■ TASK PROMPT: Return the line containing "Frischer Bio Spitzkürbis" and every line beneath it through the end of the entries below, unchanged. Pictures stay out.

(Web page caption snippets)

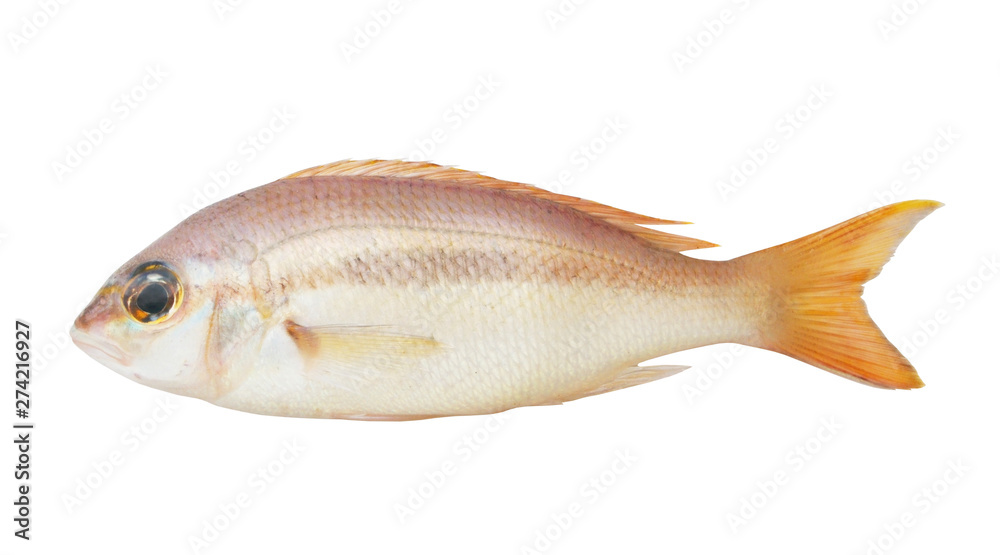 Brownstripe snapper fish isolated on white background, Lutjanus vitta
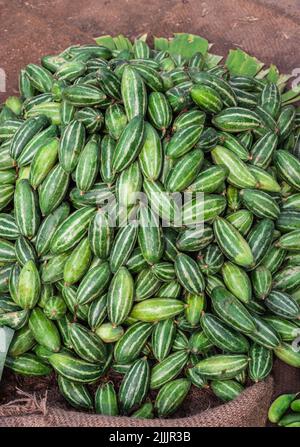 Frischer Bio Spitzkürbis vom Bauernhof aus der Nähe aus verschiedenen Blickwinkeln Stockfoto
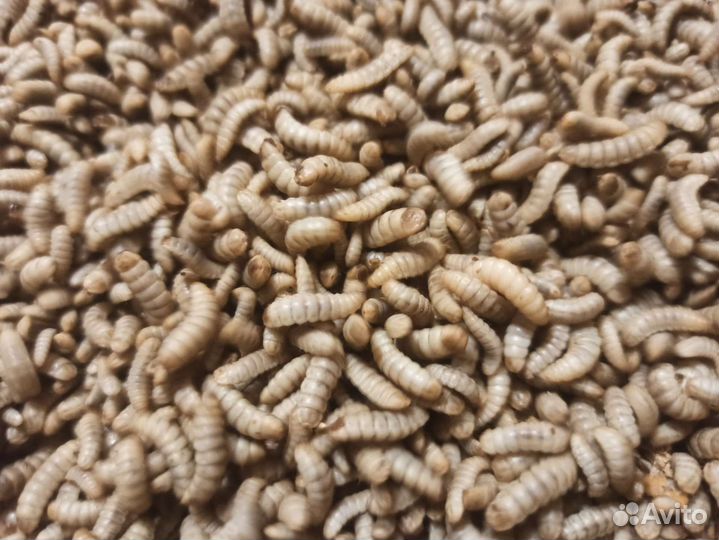 Опарыш черной львинки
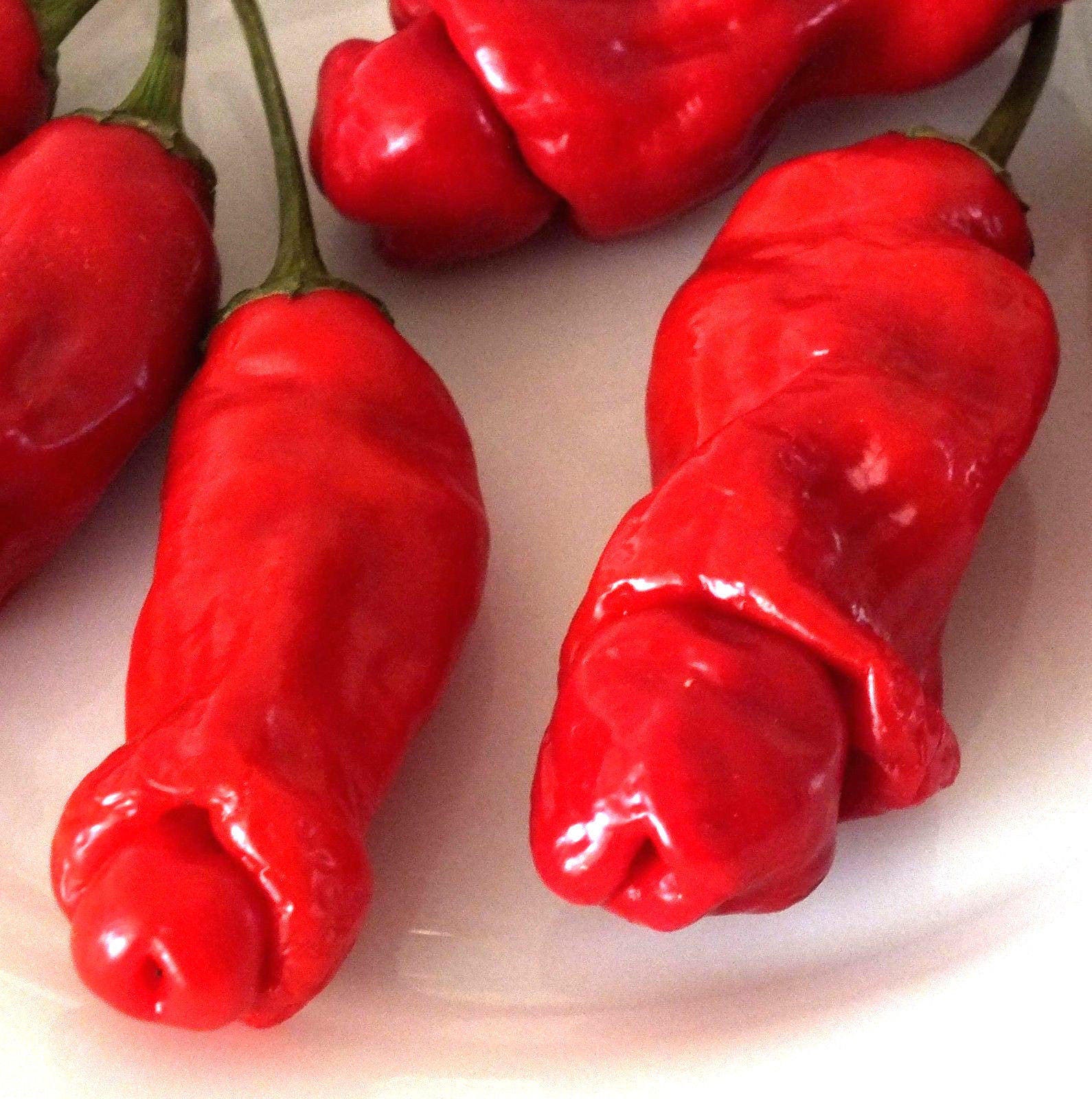 Peter Pepper Penis Chilli 30 Seeds Vegetables Genuine Uk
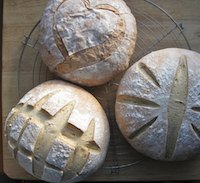 Rosemary bread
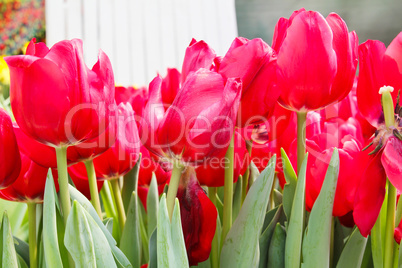 Colorful Tulips in Garden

■ SOLUTION TO THIS EXERCISE:
 Frischer Bio Spitzkürbis vom Bauernhof aus der Nähe aus verschiedenen Blickwinkeln Stockfoto
 Опарыш черной львинки
 Peter Pepper Penis Chilli 30 Seeds Vegetables Genuine Uk
 Rosemary bread
 Colorful Tulips in Garden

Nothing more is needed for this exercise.